In secondo luogo, le conseguenze negative del rioperare dell’interdittiva al termine del controllo non sono eliminabili retroattivamente, neppure nell’ipotesi in cui il prefetto, nel procedimento di riesame, emetta una informazione liberatoria, ritenendo l’impresa “bonificata” in ragione dei risultati del periodo vigilato.
Alla luce di tali rilievi, la Consulta ha giudicato irragionevole e contraddittorio il sistema, il quale: 1) istituisce una misura innovativa e in essa investe con l’obiettivo di recupero delle imprese alla legalità tramite la prosecuzione dell’attività aziendale; 2) consente di ammettere l’imprenditore, in esito al riconoscimento di specifiche potenzialità, a un apposito percorso di risanamento di durata compresa tra uno e tre anni, che ha un costo non solo per il privato, ma anche per l’amministrazione della giustizia; 3) di contro, pur nell’ipotesi di chiusura positiva della misura, non impedisce l’immediato rioperare degli effetti interdittivi, nelle more della doverosa rivalutazione prefettizia sulla persistenza o sul superamento del condizionamento mafioso.
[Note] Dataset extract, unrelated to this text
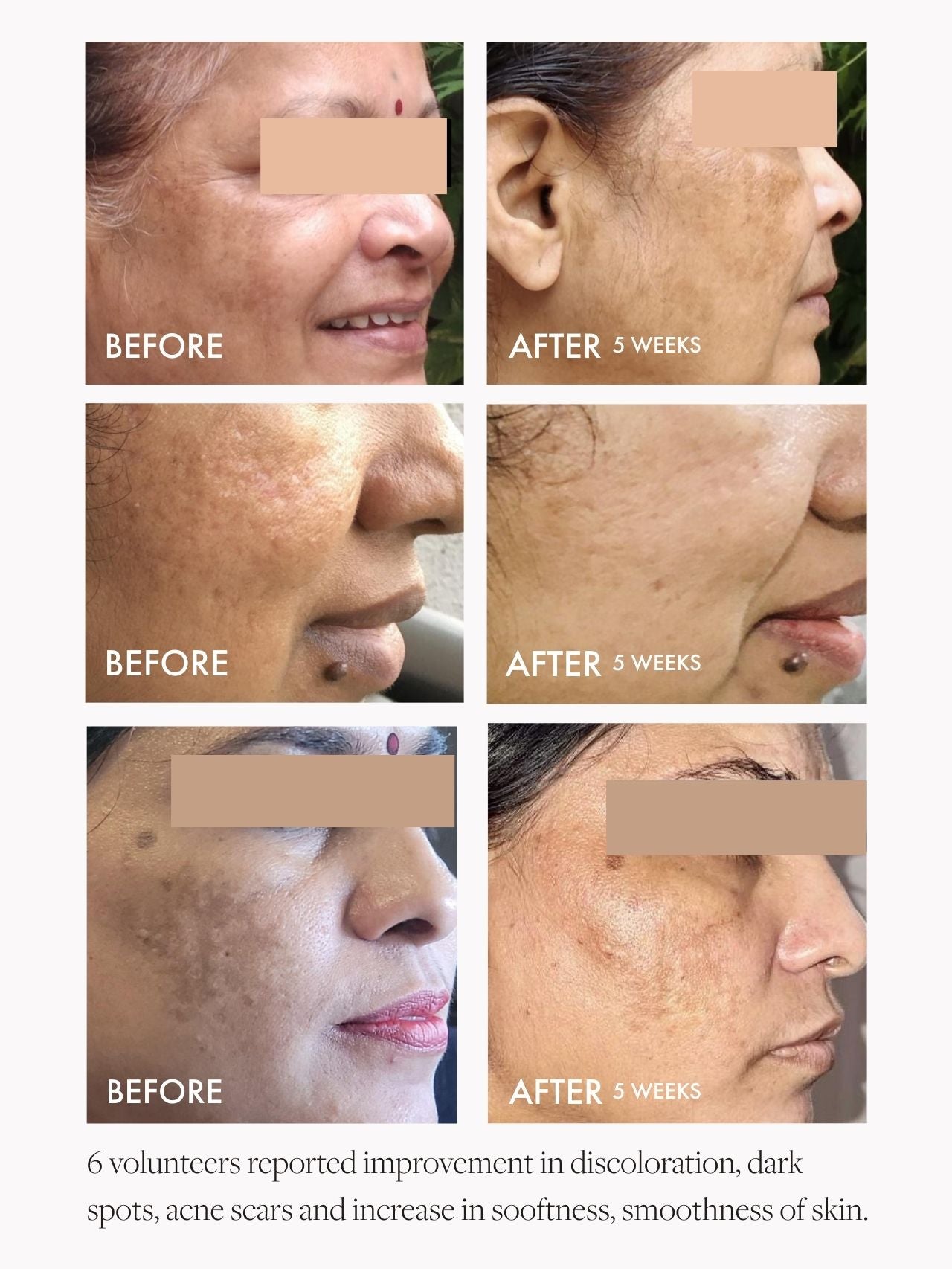 Wild Rosehip Supercritical Face Oil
Tanto rischia di vanificare i risultati conseguiti con l’attività monitorata, perché può comportare sia una crisi economica irreversibile dell’operatore economico, sia il suo riavvicinamento alla criminalità.
La Corte ha, dunque, posto rimedio alla riscontrata illegittimità costituzionale dell’articolo 34-bis, comma 7, del codice antimafia aggiungendo alla già prevista sospensione degli effetti sospensivi dell’interdittiva per tutta la durata del controllo, la sua protrazione – in caso di controllo concluso positivamente – sino alla rivalutazione prefettizia della situazione infiltrativa dell’impresa.